2018 IEEE 14th International Conference on e-Science (e-Science)最新文献

英文中文

A Survey of Software Metric Use in Research Software Development 软件度量在研究软件开发中的应用综述

2018 IEEE 14th International Conference on e-Science (e-Science)

Pub Date : 2018-10-01 DOI: 10.1109/eScience.2018.00036

Nasir U. Eisty, G. Thiruvathukal, Jeffrey C. Carver

Background: Breakthroughs in research increasingly depend on complex software libraries, tools, and applications aimed at supporting specific science, engineering, business, or humanities disciplines. The complexity and criticality of this software motivate the need for ensuring quality and reliability. Software metrics are a key tool for assessing, measuring, and understanding software quality and reliability. Aims: The goal of this work is to better understand how research software developers use traditional software engineering concepts, like metrics, to support and evaluate both the software and the software development process. One key aspect of this goal is to identify how the set of metrics relevant to research software corresponds to the metrics commonly used in traditional software engineering. Method: We surveyed research software developers to gather information about their knowledge and use of code metrics and software process metrics. We also analyzed the influence of demographics (project size, development role, and development stage) on these metrics. Results: The survey results, from 129 respondents, indicate that respondents have a general knowledge of metrics. However, their knowledge of specific SE metrics is lacking, their use even more limited. The most used metrics relate to performance and testing. Even though code complexity often poses a significant challenge to research software development, respondents did not indicate much use of code metrics. Conclusions: Research software developers appear to be interested and see some value in software metrics but may be encountering roadblocks when trying to use them. Further study is needed to determine the extent to which these metrics could provide value in continuous process improvement.
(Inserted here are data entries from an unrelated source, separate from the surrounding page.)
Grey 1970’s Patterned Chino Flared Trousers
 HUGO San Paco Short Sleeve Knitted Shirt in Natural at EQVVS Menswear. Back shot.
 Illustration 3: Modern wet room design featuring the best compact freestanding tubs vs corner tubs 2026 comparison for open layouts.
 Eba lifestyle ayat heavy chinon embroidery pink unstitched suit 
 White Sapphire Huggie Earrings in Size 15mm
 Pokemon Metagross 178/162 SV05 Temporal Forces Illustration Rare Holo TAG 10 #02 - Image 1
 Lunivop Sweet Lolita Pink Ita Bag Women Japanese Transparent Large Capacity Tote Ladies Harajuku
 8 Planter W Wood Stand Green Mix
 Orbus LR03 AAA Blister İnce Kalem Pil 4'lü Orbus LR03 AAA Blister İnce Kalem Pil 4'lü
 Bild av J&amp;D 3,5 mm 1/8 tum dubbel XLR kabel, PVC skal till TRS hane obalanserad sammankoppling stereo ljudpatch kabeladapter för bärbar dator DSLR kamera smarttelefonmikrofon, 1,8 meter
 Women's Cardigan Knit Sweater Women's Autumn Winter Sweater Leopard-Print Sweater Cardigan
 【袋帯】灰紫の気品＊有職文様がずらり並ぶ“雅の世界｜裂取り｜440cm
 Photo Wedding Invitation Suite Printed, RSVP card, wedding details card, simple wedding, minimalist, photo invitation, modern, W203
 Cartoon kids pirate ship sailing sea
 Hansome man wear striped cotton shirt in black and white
背景:研究的突破越来越依赖于复杂的软件库、工具和旨在支持特定科学、工程、商业或人文学科的应用程序。该软件的复杂性和关键性激发了确保质量和可靠性的需求。软件度量是评估、度量和理解软件质量和可靠性的关键工具。目的:这项工作的目标是更好地理解研究软件开发人员如何使用传统的软件工程概念，如度量，来支持和评估软件和软件开发过程。该目标的一个关键方面是确定与研究软件相关的度量标准集如何与传统软件工程中常用的度量标准相对应。方法:我们调查了研究软件开发人员，以收集有关他们的知识和使用代码度量和软件过程度量的信息。我们还分析了人口统计数据(项目规模、开发角色和开发阶段)对这些指标的影响。结果:来自129名受访者的调查结果表明，受访者对指标有一般的了解。然而，他们缺乏特定SE度量的知识，他们的使用更加有限。最常用的度量标准与性能和测试有关。即使代码复杂性经常对研究软件开发构成重大挑战，被调查者也没有指出代码度量的使用。结论:研究软件开发人员似乎很感兴趣，并且看到了软件度量的一些价值，但在尝试使用它们时可能会遇到障碍。需要进一步的研究来确定这些量度在持续过程改进中提供价值的程度。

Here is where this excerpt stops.